══ Stored data ══

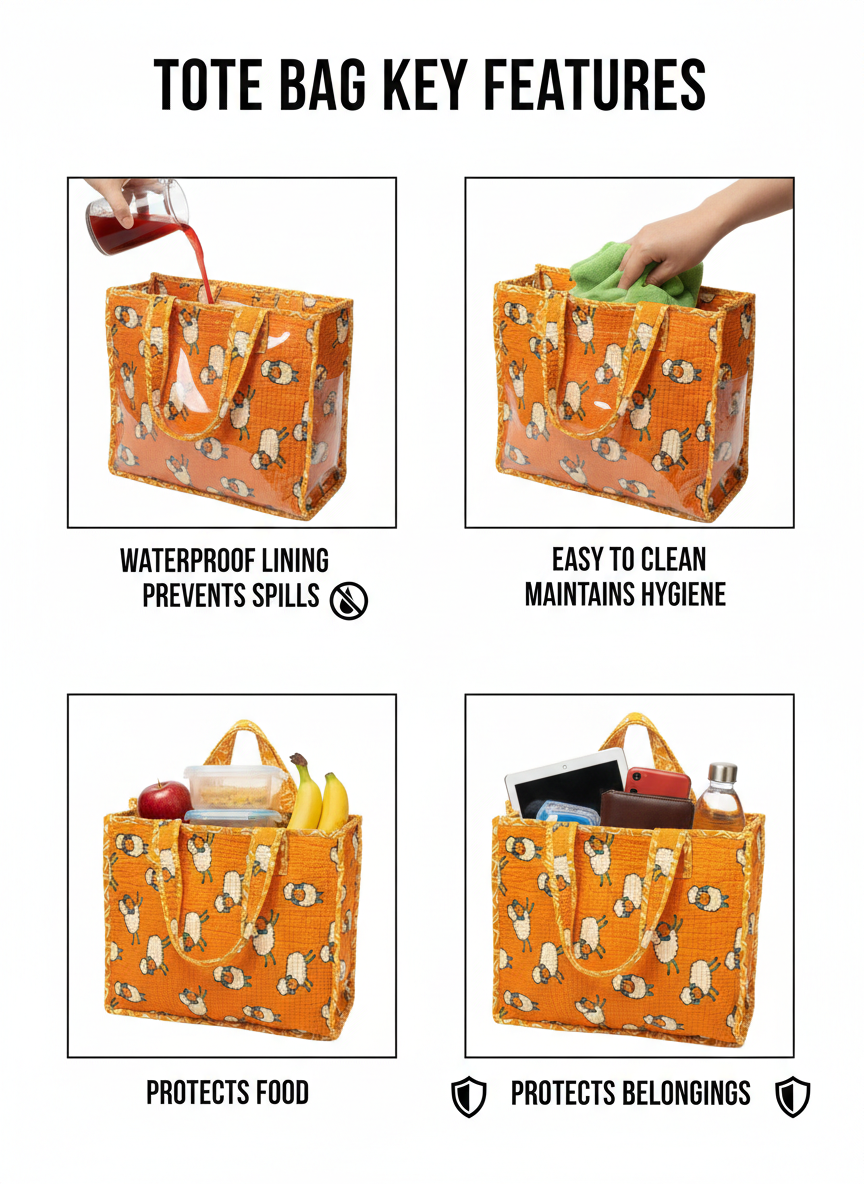 Mini Tote Bag-assorted-0-12 Years and Free Size Zoo Friends patchwork-style print
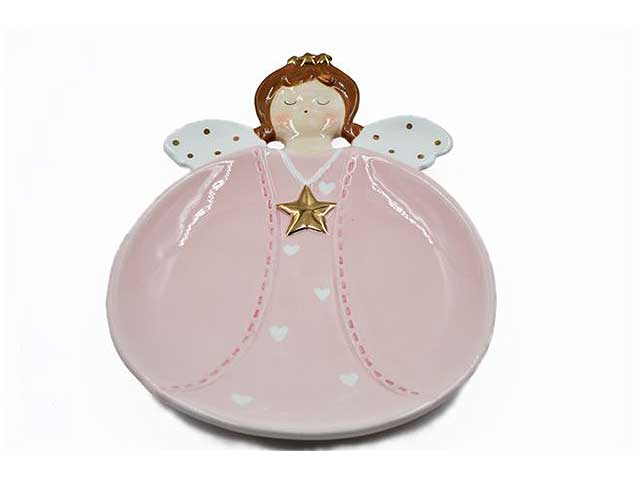 Piattino rosa ceramica f502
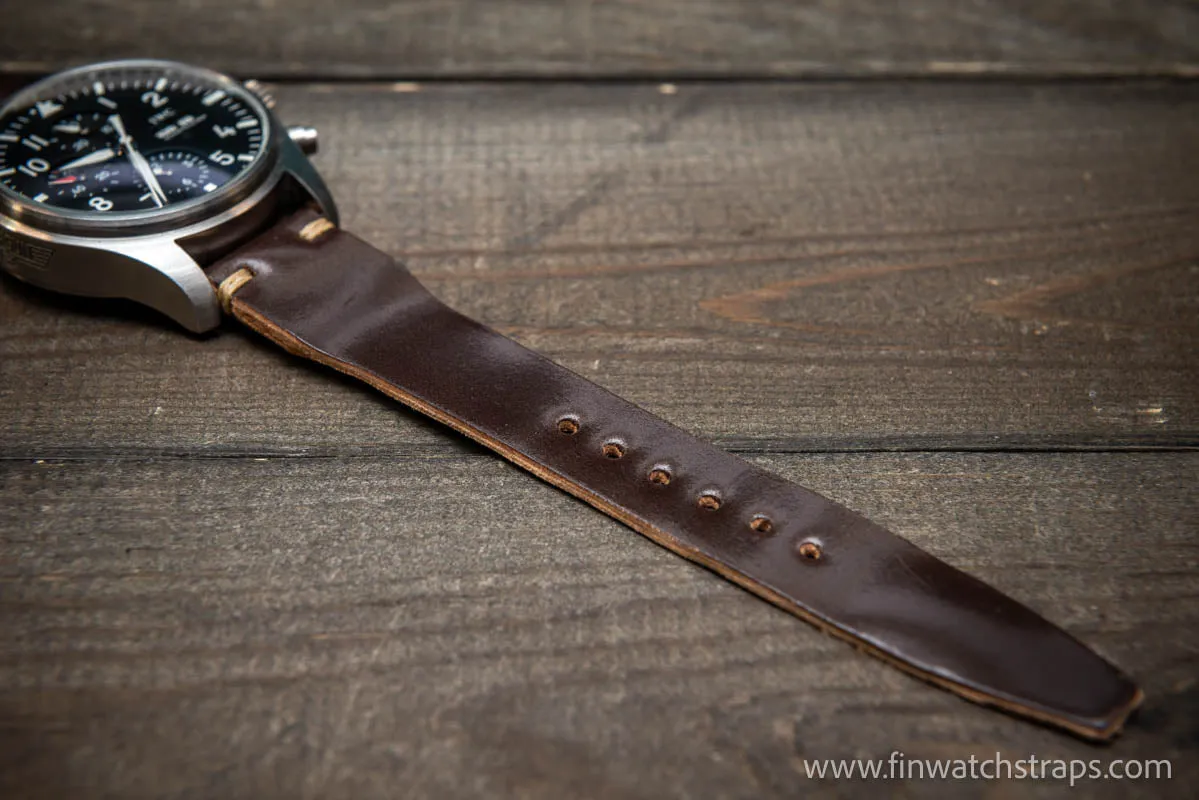 Shell Cordovan watch strap, Leather watch band, Pilot model, Handmade in Finland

═══

_Work to complete_
Exactly the lines from the one containing "Piattino rosa ceramica f502" through the last line of the material above, both included and free of pictures, should make up your answer, please.

_Answer to the problem_
 Piattino rosa ceramica f502
 Shell Cordovan watch strap, Leather watch band, Pilot model, Handmade in Finland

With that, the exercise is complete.